Kat Deck was one of two recipients of the 2014 Eric Keto prize for the best thesis in theoretical astrophysics by a student working at the Harvard-Smithsonian Center for Astrophysics. Her thesis was entitled "The orbital dynamics and long-term stability of planetary systems” and includes the discovery of a two-planet system in which the planetary orbits are likely to be misaligned by ≈20°.
Ashley Villar won the MIT Physics Department’s Orloff award for service, in recognition of her leadership of the Undergraduate Women in Physics, and her participation in the Educational Studies Program, PhysEx, MITx, and other outreach programs.
Congratulations, Kat and Ashley!
Last month, I recorded a pilot lecture for the Great Courses. If market testing goes well, we may produce a 24-lecture course about exoplanets. I am excited about this possibility because I love teaching, I love exoplanets, and I have been an avid customer of the Great Courses since 2008. I’ve listened to nearly all of Robert Greenberg’s courses on music, and I am working my way through all of the history and religion courses. Here is a link to the 30-minute pilot lecture entitled Strange New Worlds.
During the academic year 2013/4, I have been on sabbatical at the Institute for Theory and Computation at the Harvard-Smithsonian Center for Astrophysics. One of my projects is an investigation of mass loss by astronomers. Based on data obtained over the last few years (see chart below), I find strong support for a sabbatical-induced effect, with an ingress timescale of ~6 months and depth of at least 33% or 0.44 mag. (The single outlier from the trend is easily explained as a consequence of dinner at the DaDong Roasted Duck Restaurant in Beijing.)
On Friday, Roberto successfully defended his thesis, "Investigations of close-in exoplanets: starspot transits, and ultra-short-period planets." We celebrated with cake and cava from Barcelona. In keeping with our sacred M.I.T. astrophysics traditions, Roberto has signed one of the bottles and is seen here placing it on the Shelf of Honor. Congratulations Roberto!
Amaury Triaud has been awarded the 2014 MERAC Prize for the Best Doctoral Thesis in Observational Astrophysics. Congratulations to Amaury on this extraordinary honor!
Roberto and Kat both fared extremely well in this year's competition for prestigious postdoctoral fellowships. Roberto earned a NASA Sagan Fellowship, which he will take to U.C. Berkeley. Kat will go to Caltech as a Planetary Astronomy Fellow. Congratulations to both!
I had the privilege of being the guest presenter in the February edition of the MIT Alumni Association's Faculty Forum Online. The topic was "Exploring the Strange New Worlds of Exoplanets". You can watch the archived video here, or below.

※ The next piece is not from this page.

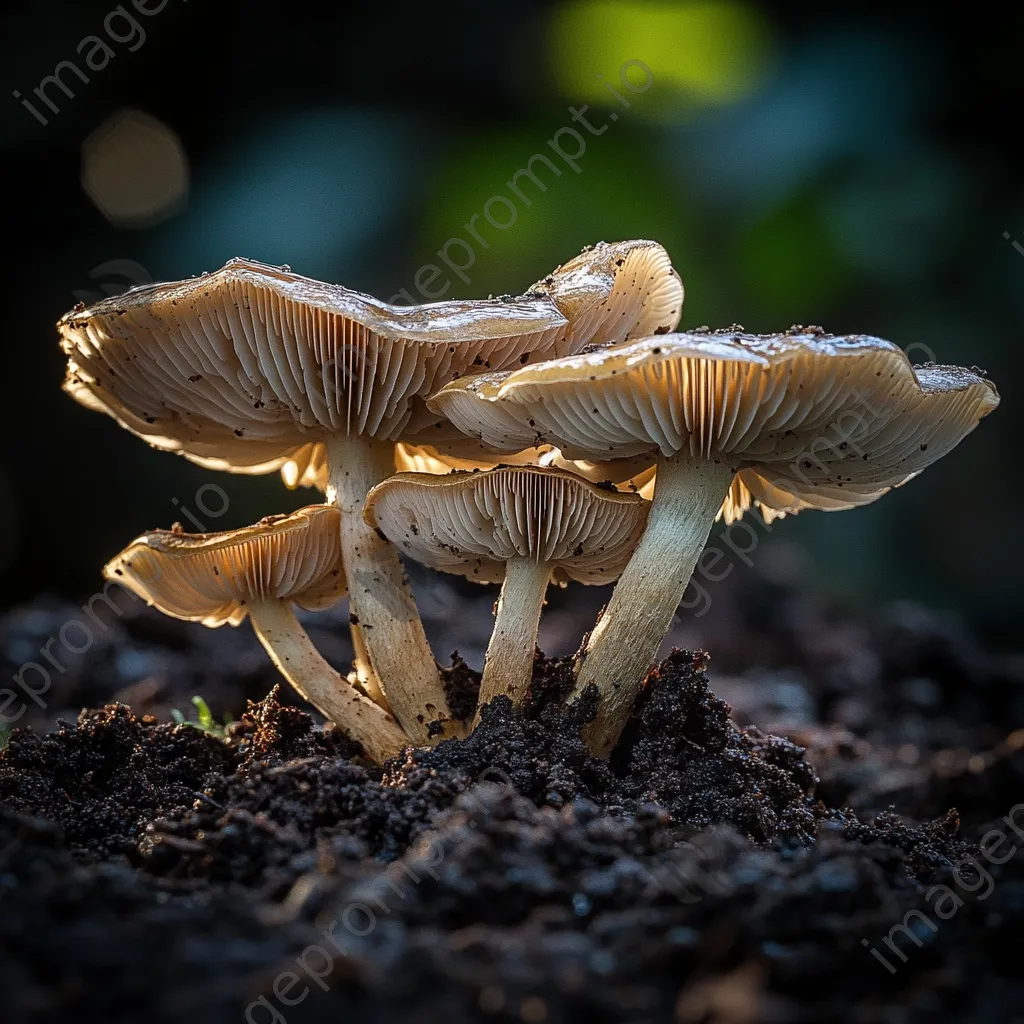 Tawny mushrooms emerging from dark soil - Image 1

Kevin Schlaufman has won an Infinite Kilometer award. This $1000 prize from the M.I.T. School of Science recognizes "the outstanding contributions that some of our postdoctoral researchers make to M.I.T…. exceptional contributors to their research programs, who are also deeply committed to their local or global M.I.T. community, as evidenced by involvement in mentoring and advising their junior colleagues, participating in our educational programs, ... or contributing to some other facet of the MIT community." Congratulations Kevin!
Simon Albrecht will soon be leaving to become an Associate Professor at Aarhus University in Denmark. We celebrated the 3.5 years of his productive and enjoyable stay at M.I.T. with a group dinner at the Winn home. We will miss Simon. On the other hand, we may now look forward to interesting collaborations with members of the Stellar Astrophysics Centre at Aarhus. We wish Simon all the best!
Four members of our group will be speaking at today's session of the Kepler Science Conference II, in Mountain View, California. First, Kat Deck will describe her discovery of a planetary system with at least two planets on strongly misaligned orbits. Then, Simon Albrecht will review our measurements of the obliquities of the host stars of planetary systems. After lunch, Kevin Schlaufman will share his work on testing in situ models for the formation of compact multiplanet systems, employing the strong correlation between giant planet prevalence and host star metallicity. Finally, just before dinner, Roberto Sanchis-Ojeda will present our survey for very short-period planets in the Kepler database. This survey was already widely discussed yesterday, following talks by Andrew Howard and Christophe Lovis about Kepler-78, one of the most interesting planets that has turned up so far.